Seit Oktober 2006 ist die Sortenerhaltungszentrale als Daueraufgabe an das Kompetenzzentrum für Obstbau (KOB) in Bavendorf übertragen worden. Das Ministerium für Ernährung und Ländlichen Raum hat dafür entsprechende Finanzmittel zur Verfügung gestellt.

Ausschlaggebend für die Fortführung der Sortenerhaltungszentrale war die Zusage des LOGL, sich an der Finanzierung der Einrichtung mit jährlich 5.000 € zu beteiligen.

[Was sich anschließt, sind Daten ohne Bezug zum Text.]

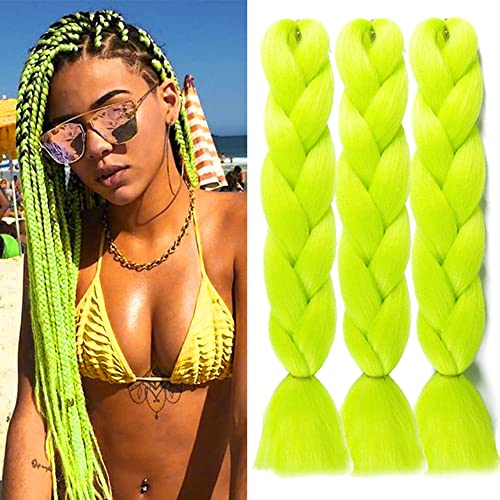 Colorfulpanda 3ps/pack 24inch Box Braid Hair Extensions,Synthetic Jumbo Braid Hair Extension Afro African Hair Extensions for Braiding Crochet Twist Hair,Bright Green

Die Sortenerhaltungszentrale kann unsere Mitglieder bei der Sortenauswahl und Edelreiserbeschaffung unterstützen, bestehende Sortenmuseen auf „Richtigkeit“ überprüfen, beim Aufbau von Obstsortenausstellungen behilflich sein und unbekannte Sorten bestimmen. Eine ganz wichtige Aufgabe ist auch die Beurteilung der Fruchteigenschaften im Hinblick auf verschiedene Verwertungsmöglichkeiten.

Neben der Apfelsaftproduktion konnten von der Sortenerhaltungszentrale und der Universität Hohenheim schon mehrfach Sortenempfehlungen für eine Verwertung als Destillat, als Schaumwein oder als Dörrprodukt mit Erfolg umgesetzt werden.

Apfelsaft

Durch Informationen über den Gesundheitswert, aber auch den Genuss von verschiedenen Streuobstprodukten kann das Bewusstsein und das Interesse für den Streuobstbau gefördert werden. Auch dadurch leistet die Sortenerhaltungszentrale einen wichtigen Beitrag zur Erhaltung unserer heimischen Streuobstwiesen.

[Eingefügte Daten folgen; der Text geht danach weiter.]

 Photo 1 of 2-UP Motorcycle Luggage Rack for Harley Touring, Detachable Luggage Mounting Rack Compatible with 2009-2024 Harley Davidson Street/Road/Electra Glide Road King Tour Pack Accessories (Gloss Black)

Eine weitere wichtige Aufgabe der Sortenerhaltungszentrale sieht der LOGL in der Aus- und Weiterbildung von interessierten Mitgliedern aus den Obst- und Gartenbauvereinen und Fachwarten für Obst- und Garten im Bereich Sortenerkennung und Sortenbestimmung

Der LOGL strebt eine weiterhin gute Zusammenarbeit mit den Herren Dr. Büchele, Dr. Mayr und Eckhart Fritz an und dankt dem Ministerium für Ländlichen Raum für die Möglichkeit der Fortführung der Sortenerhaltungszentrale Baden-Württemberg.